Tuesday, August 27, 2002

Mount Madonna Challenge 12K

I wasn't anticipating any racing last weekend. In fact I was thinking that I wouldn't get much chance to run, so I did some pretty good workouts Thursday and Friday, then six miles early Saturday morning, before our plans had changed. I really trained through this race, which will do me well in some of the stuff coming up, but didn't help much on Sunday.
I know Bill Flodberg, the guy who created this race 27 years ago, and he gave me some advice for how to run it. He said that you need to get in a good position in the first half mile, because after that you hit the single track trail going up the mountain, and it's difficult to pass. I should have known that this was good advice for someone like Bill, who used to win this race, but maybe not the best advice for me.
I started out fast, staying in the front 10% of the runners, and reached the bottom of the hill out of breath. I had heard that this first hill was tough. I mean, the name of the race includes the words "Mount" and "Challenge." That should have been a clue, but I didn't really know what I was in for. I've run some big, tough hills, but I started this one trying to do my 10K pace. It went up steeply, then switched back the other way up the mountainside, going up steeply. Then the same thing again, and again. The trees and brush were thick around us, so you couldn't really see how close you were to the top. I'm panting like a dog and chugging along telling myself "It's okay, we have to be near the top." And every time I think that, I see runners on the switchback above me.
I climbed like that for as long as I could. Meanwhile, I passed two people who had started on the hill ahead of me, and about five people passed me. You really had to be careful passing, because the footing was uneven, the trail was narrow, and it dropped off very steeply on the downhill side. You could here people saying, "On your left... Coming through... 'scuse me..." all around.
After about fifteen minutes, and after I saw a couple of people ahead of me take brief walks, I started walking the steeper rises. About five more people passed me, but after that, I passed as many as passed me.
There were no mile markers anywhere on the course. When I got to where the constant uphill relented, (and became rolling steep up and down) I checked my watch. We had been going steadily uphill, climbing, for about twenty minutes. Knowing the course now, I would probably save a little more at the start and be more conservative at the bottom of the hill.
The rest of the course was just a good, tough, trail run. A lot of it was on dirt roads.
After doing quite a few road races, it was interesting to me to observe a difference in races like this. In some races the runners stratify. You run with the same group of people pretty much the whole way. Throughout this race I was passing people and being passed.
People got away from me, and I caught up with them. I got away from them, and they caught back up to me. Some people were great on the uphill. Some smoked on the downhill. Some ran out of gas toward the end. Some found their second wind.
It was a beautiful day, a cool morning just starting to warm up as I finished.

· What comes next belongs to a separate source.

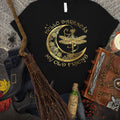 Gold Moon Dragonfly Shirt: Hello Darkness My Old Friend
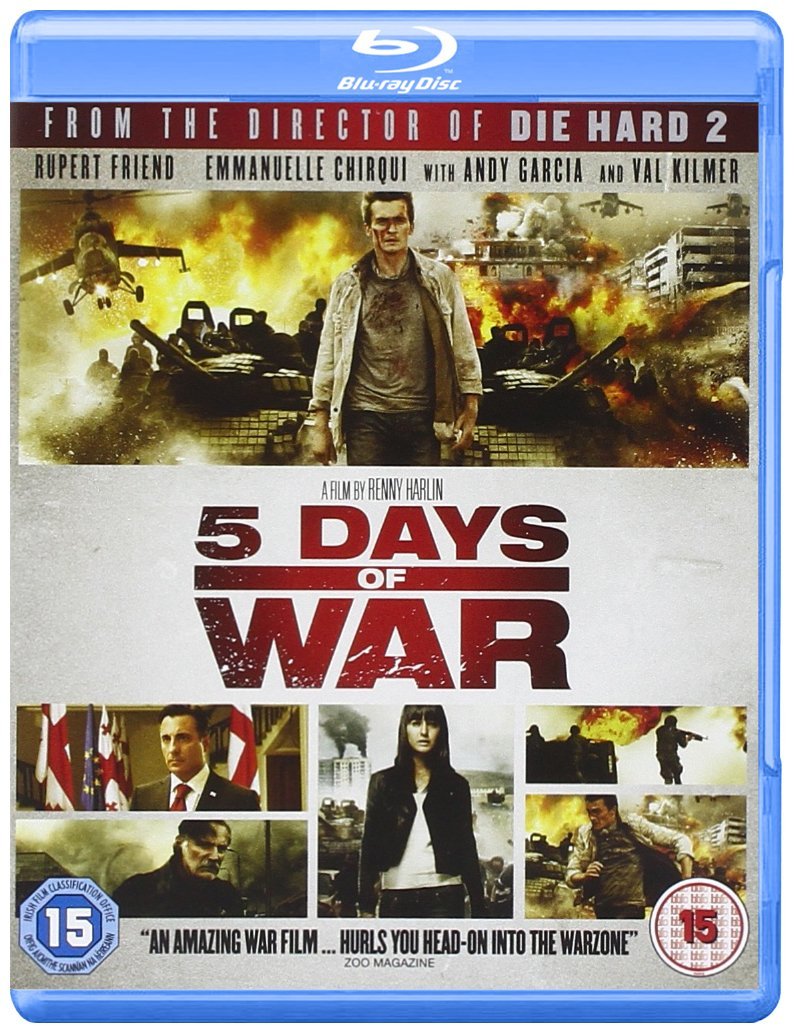 5 Days Of War [Blu-ray]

I loved the course, the trails over needles and leaves and powdery dust, the trees, the hills, the meadows.
I was fourth in my age division for at least the third time this year, but the third place guy was three minutes ahead of me.
My official time over the 12K course was 1:06:42, but my watch time and the time that showed on the big digital timer's clock when I came in was 1:07:35. They must've screwed up somewhere. This is about my marathon pace, but it hardly matters on a course like that. My legs today feel like I raced twice the distance. I'm more sore from this race than I was after running 30 miles lsd last weekend. Hams were hurting in the race, but quads are complaining now.